The problem: Reproduce exactly the lines below, starting at the line that contains "Lire la suite" and ending with the last line of the records, both included; leave out any pictures.

Supplied records:
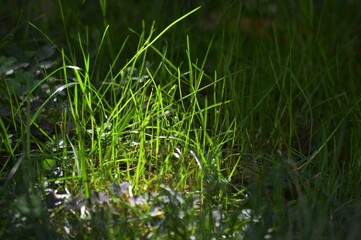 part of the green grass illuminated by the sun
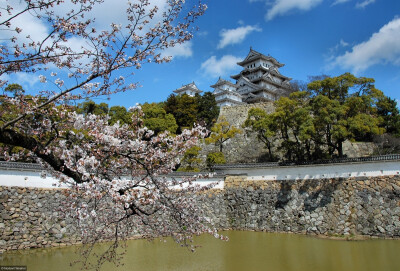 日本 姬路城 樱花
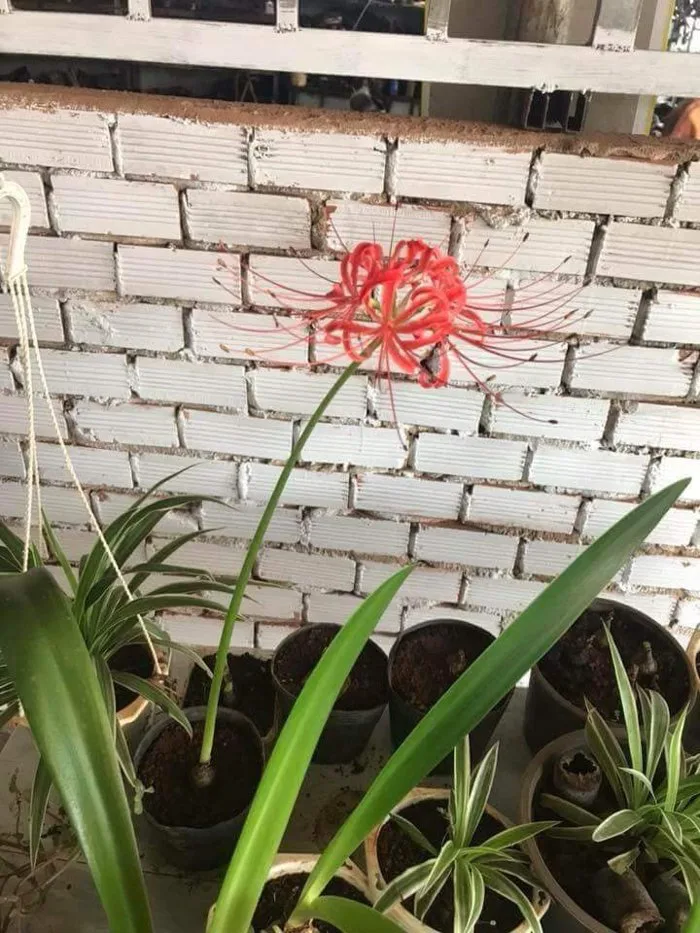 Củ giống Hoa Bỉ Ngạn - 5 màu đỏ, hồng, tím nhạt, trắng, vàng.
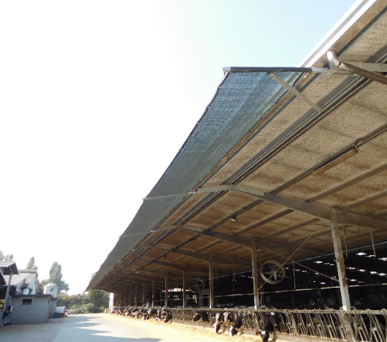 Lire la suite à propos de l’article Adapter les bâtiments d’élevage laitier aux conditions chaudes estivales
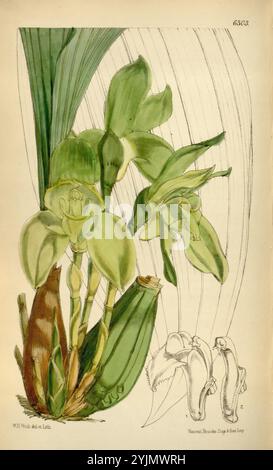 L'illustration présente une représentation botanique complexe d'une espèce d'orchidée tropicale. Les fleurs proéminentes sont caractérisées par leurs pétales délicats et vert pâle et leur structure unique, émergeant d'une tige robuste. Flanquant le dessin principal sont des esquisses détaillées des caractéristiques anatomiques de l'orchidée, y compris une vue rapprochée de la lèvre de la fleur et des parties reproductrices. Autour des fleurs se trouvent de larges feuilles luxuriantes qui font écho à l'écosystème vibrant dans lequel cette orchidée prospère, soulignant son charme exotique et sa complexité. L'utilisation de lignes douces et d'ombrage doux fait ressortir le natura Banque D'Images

Your solution:
 Lire la suite à propos de l’article Adapter les bâtiments d’élevage laitier aux conditions chaudes estivales
 L'illustration présente une représentation botanique complexe d'une espèce d'orchidée tropicale. Les fleurs proéminentes sont caractérisées par leurs pétales délicats et vert pâle et leur structure unique, émergeant d'une tige robuste. Flanquant le dessin principal sont des esquisses détaillées des caractéristiques anatomiques de l'orchidée, y compris une vue rapprochée de la lèvre de la fleur et des parties reproductrices. Autour des fleurs se trouvent de larges feuilles luxuriantes qui font écho à l'écosystème vibrant dans lequel cette orchidée prospère, soulignant son charme exotique et sa complexité. L'utilisation de lignes douces et d'ombrage doux fait ressortir le natura Banque D'Images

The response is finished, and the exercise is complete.